EXERCISE DIRECTIONS |
Give back exactly the lines of the material below, starting with the line with "Milky Soft Range" and going on through the line with "Auto America Car".

DATASET RECORDS |
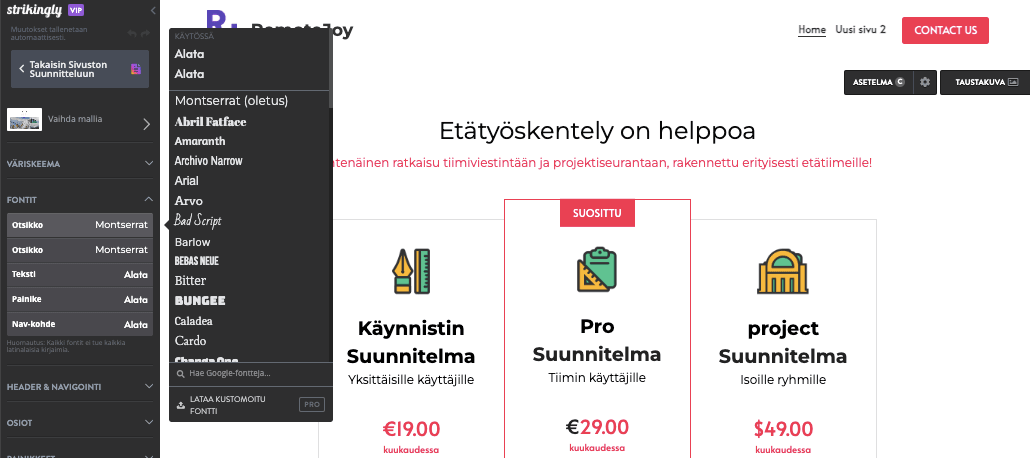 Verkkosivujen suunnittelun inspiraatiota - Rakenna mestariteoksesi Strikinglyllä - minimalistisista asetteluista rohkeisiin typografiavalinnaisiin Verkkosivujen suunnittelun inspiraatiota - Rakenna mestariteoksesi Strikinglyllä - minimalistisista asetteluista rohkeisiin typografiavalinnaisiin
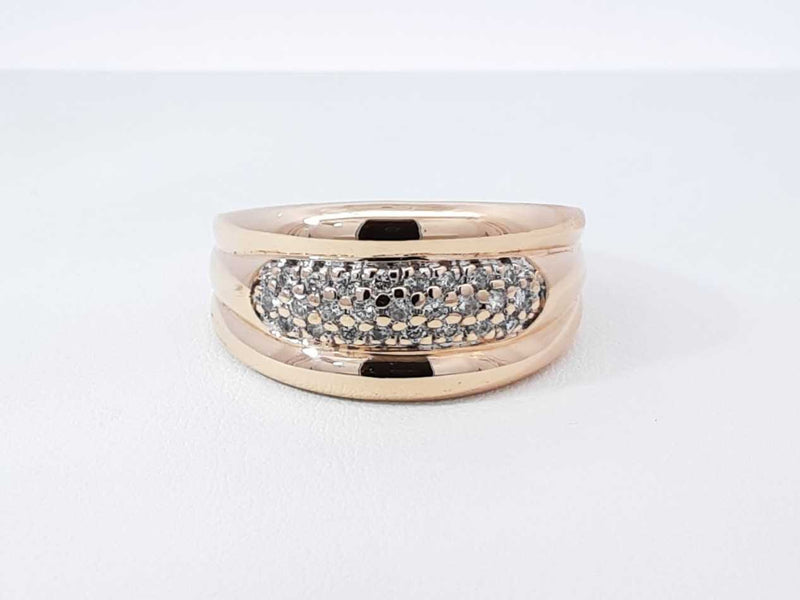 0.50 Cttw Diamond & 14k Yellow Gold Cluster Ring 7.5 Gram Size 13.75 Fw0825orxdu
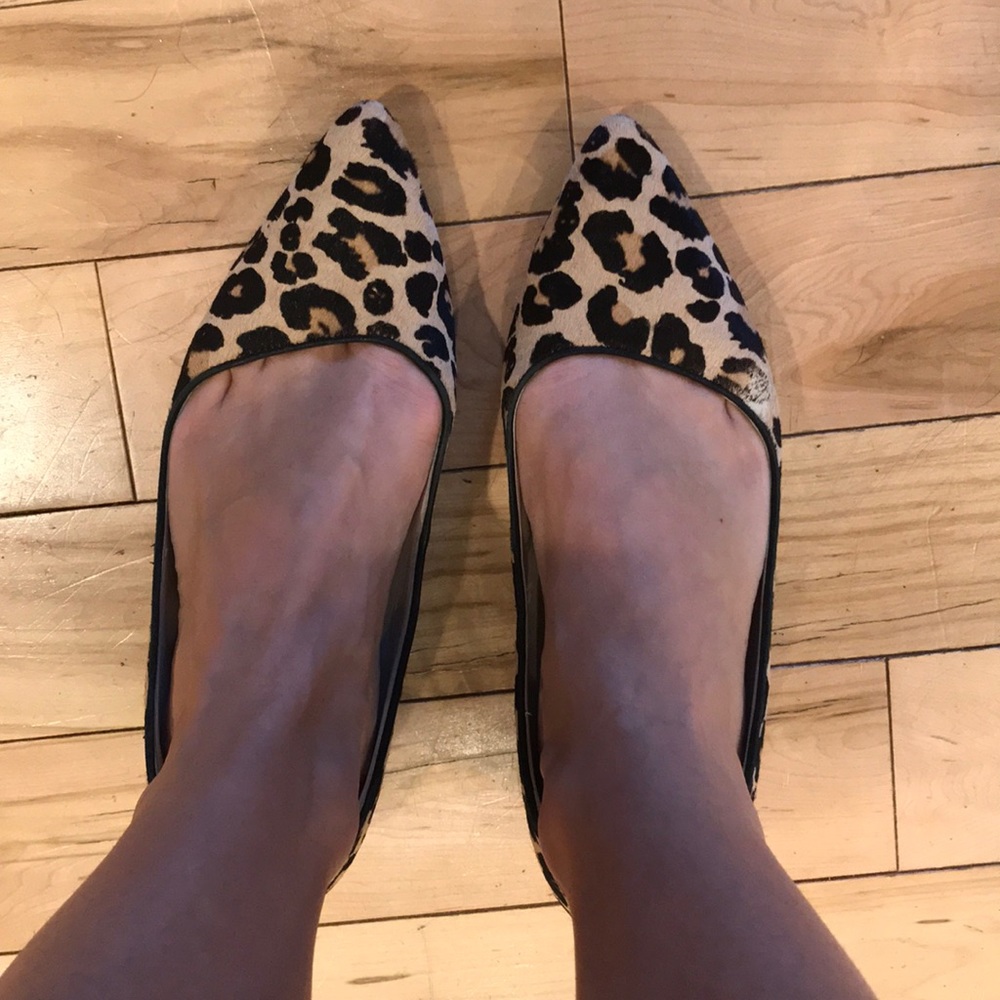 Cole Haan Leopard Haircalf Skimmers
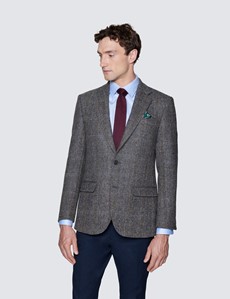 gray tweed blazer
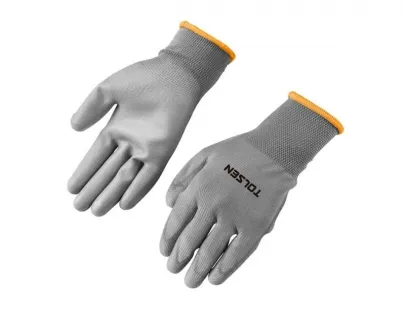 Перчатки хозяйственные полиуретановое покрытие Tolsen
* * *
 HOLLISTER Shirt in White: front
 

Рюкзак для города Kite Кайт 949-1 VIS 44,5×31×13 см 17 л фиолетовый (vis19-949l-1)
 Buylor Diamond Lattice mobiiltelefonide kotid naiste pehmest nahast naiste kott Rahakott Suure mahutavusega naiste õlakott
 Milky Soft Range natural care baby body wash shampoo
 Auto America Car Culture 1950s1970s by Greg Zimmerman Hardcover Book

OUTPUT |
 Milky Soft Range natural care baby body wash shampoo
 Auto America Car Culture 1950s1970s by Greg Zimmerman Hardcover Book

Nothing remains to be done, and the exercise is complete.